Pablo Neruda le cantó loas a Stalin, pero esas alabanzas infames no tienen nada que ver con aquellos versos que dicen: “Sucede que me canso de ser hombre, sucede que entro a las sastrerías y a los cines, marchito impenetrable como un cisne de fieltro, navegando en un agua de origen y ceniza”. ¿Se imaginan la cara de Stalin leyendo estos versos? ¿Cómo explicar al autor de las loas a Stalin con el poeta de “Residencia en la tierra”? ¿Cómo explicar estas diferencias si no es través del principio de la contradicción y el misterio?
Giuseppe Ungaretti fue un convencido militante fascista, el mismo que alguna vez escribió: “Pero en mi corazón ninguna cruz falta, mi corazón es el país más desgarrado”. Seguramente estas confesiones a Mussolini le hubieran parecido, en el mejor de los casos, extravagantes, cuando no el producto de una mente enfermiza y degenerada.
Ezra Pound fue uno de los grandes poetas del siglo veinte y, a juzgar por la opinión de Hemingway y Fitzgerald, un amigo generoso. Sin embargo, creía en las bondades del fascismo y era un antisemita rabioso. ¿Cómo compaginar una cosa con la otra? ¿Cómo asumir que el hombre que en tiempos de Mussolini dirigía un programa de radio en la que justificaba las atrocidades del fascismo, al mismo tiempo escribía: “La aparición de esos rostros en la multitud; pétalos en una rosa oscura y húmeda”.

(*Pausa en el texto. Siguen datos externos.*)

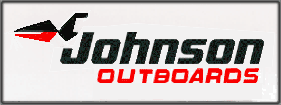 Johnson Outboard Model Chart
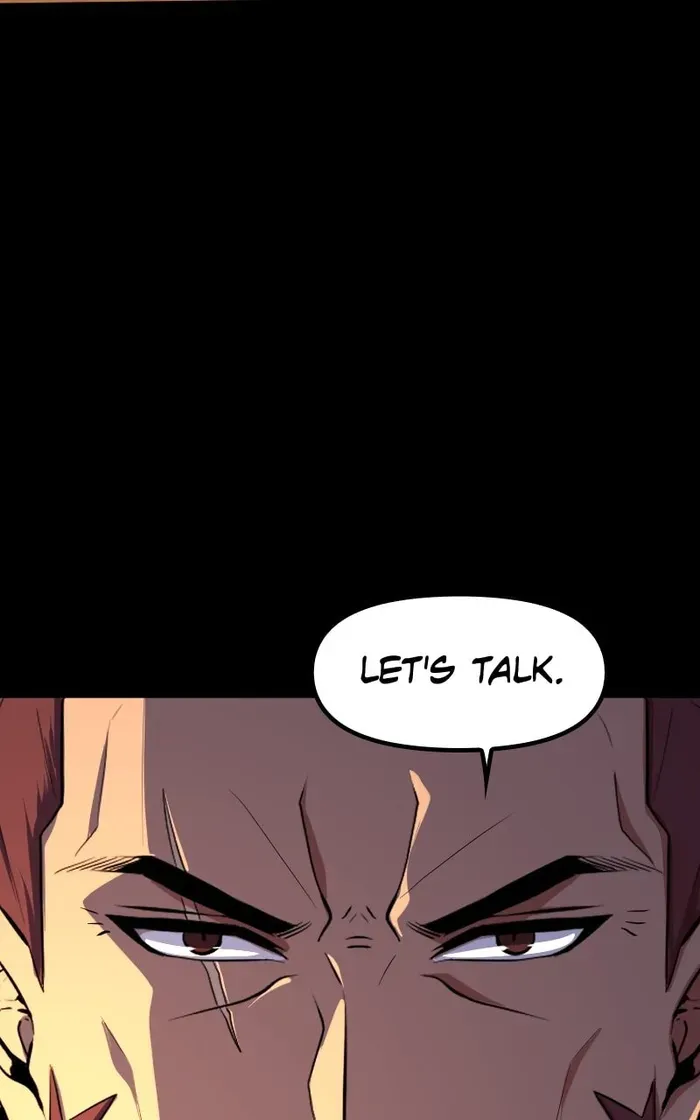 Primal Hunter Chapter 27 Online - página 89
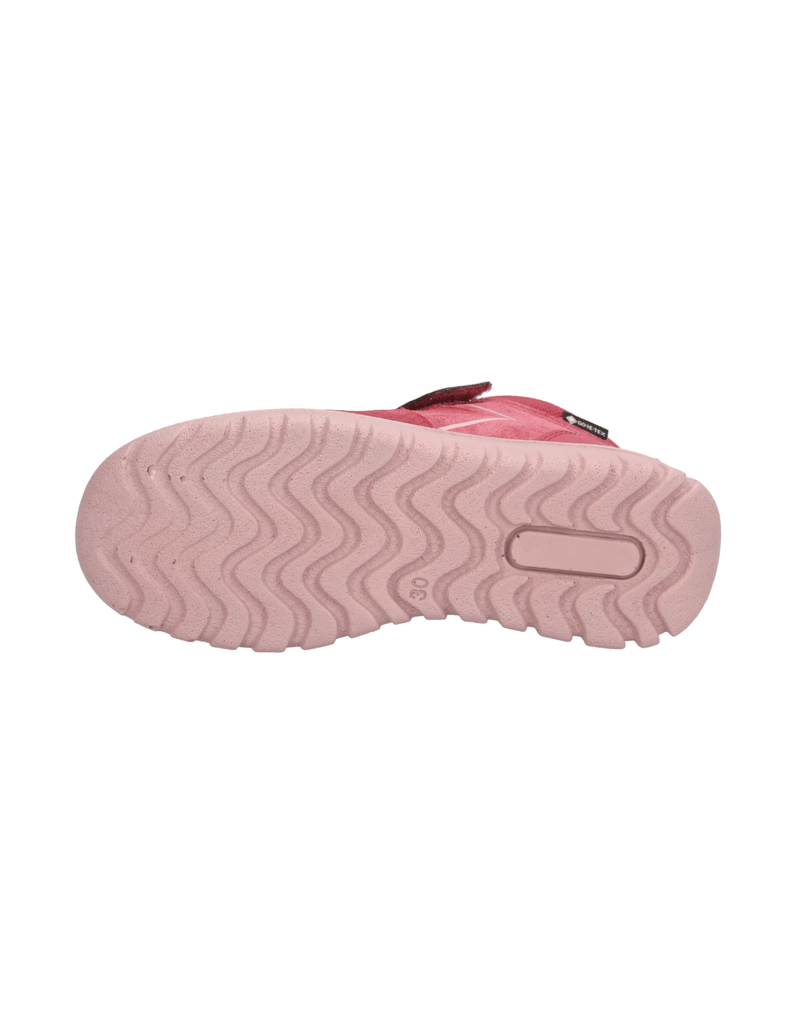 Superfit-SPORT7-MINI-grün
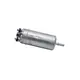 Bomba Elétrica Combustível 12V para Volkswagen Delivery Iveco Daily 3.0 2P0201758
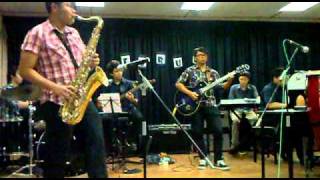 Download Lagu Spain, Chick Corea MP3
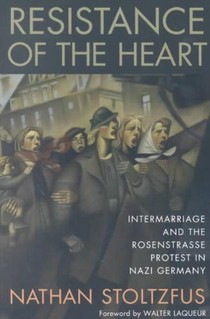 Resistance of the Heart
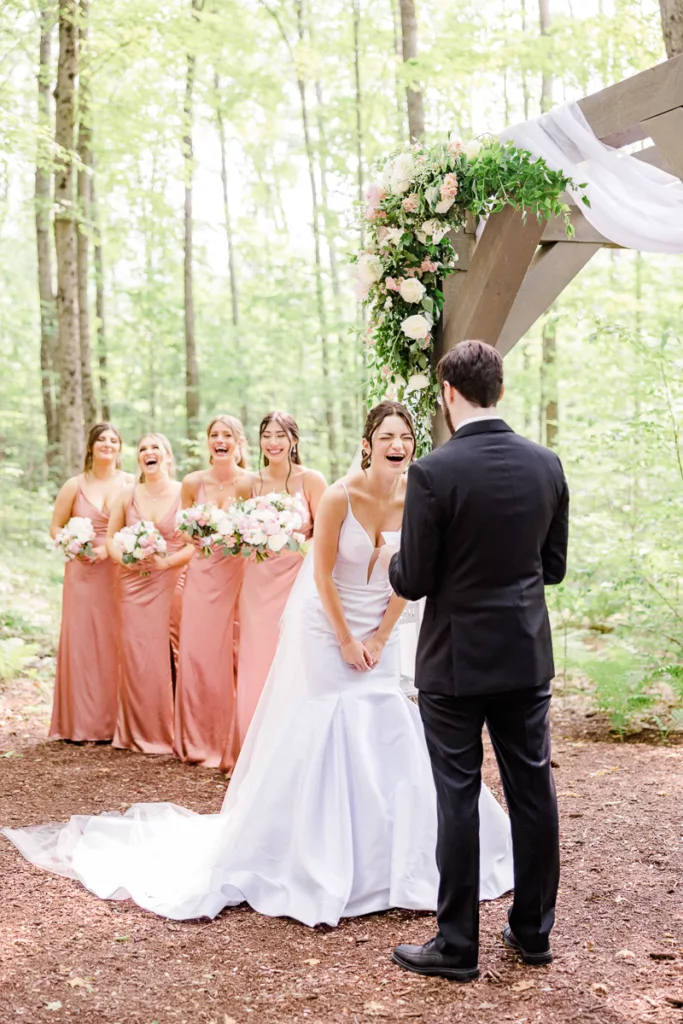 Best Wedding Dresses Of 2023 Grey Loft Studio 2023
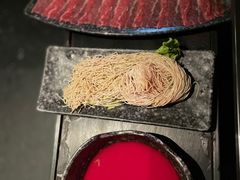 -新哥老官·畅吃123·美蛙世界(苏宁广场店)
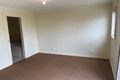 Property photo of 82 Rim Cross Drive Keilor East VIC 3033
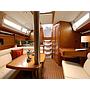 Book yachts online - sailboat - Sunsail 36i - Sunsail 36i (2008) - rent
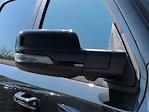 New 2026 Ram 1500 TRX Crew Cab 4x4 Pickup for sale #26CT012 - photo 11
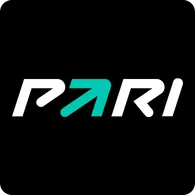 Rounded Pari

Insisto: en lugar de fastidiarnos por esas contradicciones, debemos agradecer su existencia, porque es muy probable que gracias a ellas la poesía tenga lugar. En cualquier caso, así como la poesía no puede ni debe subordinarse a la política, el poeta sólo puede ser entendido a partir de su oficio con las palabras. Lo que vale en general vale para Juan Gelman.
Soy de los lectores que releen, y Gelman es un escritor al que retorno con frecuencia. La paso bien con sus poemas. En un viejo cuaderno tengo anotados algunos. Éste, por ejemplo, se llama “Anclao en París”. “Al que extraño es al viejo león del zoo/ siempre tomábamos café en el Bois de Boulogne/ me contaba sus aventuras en Rhodesia del Sur,/ pero mentía, era evidente que nunca se había movido del Sahara./ De todos modos me encantaba su elegancia/ su manera de encogerse de hombros ante las pequeñeces de la vida;/ miraba a los franceses por la ventana del café/ y decía: ‘los idiotas hacen hijos’./ Los dos o tres cazadores ingleses que se había comido/ le provocaban malos recuerdos y aún melancolía;/ ‘las cosas que uno hace para vivir’, reflexionaba / mirándose la melena en el espejo del café./ Sí, lo extraño mucho,/ nunca pagaba la consumición,/ pero indicaba la propina a dejar/ y los mozos lo saludaban con especial deferencia./ Nos despedíamos a la orilla del crepúsculo,/ él regresaba a son bureau, como decía,/ no sin antes advertirme con una pata en mi hombro/ ‘ten cuidado, hijo mío, con el París nocturno./ Lo extraño mucho verdaderamente,/ sus ojos se llenaban a veces de desierto,/ pero sabía callar como un hermano/ cuando emocionado, emocionado./ Yo le hablaba de Carlitos Gardel”.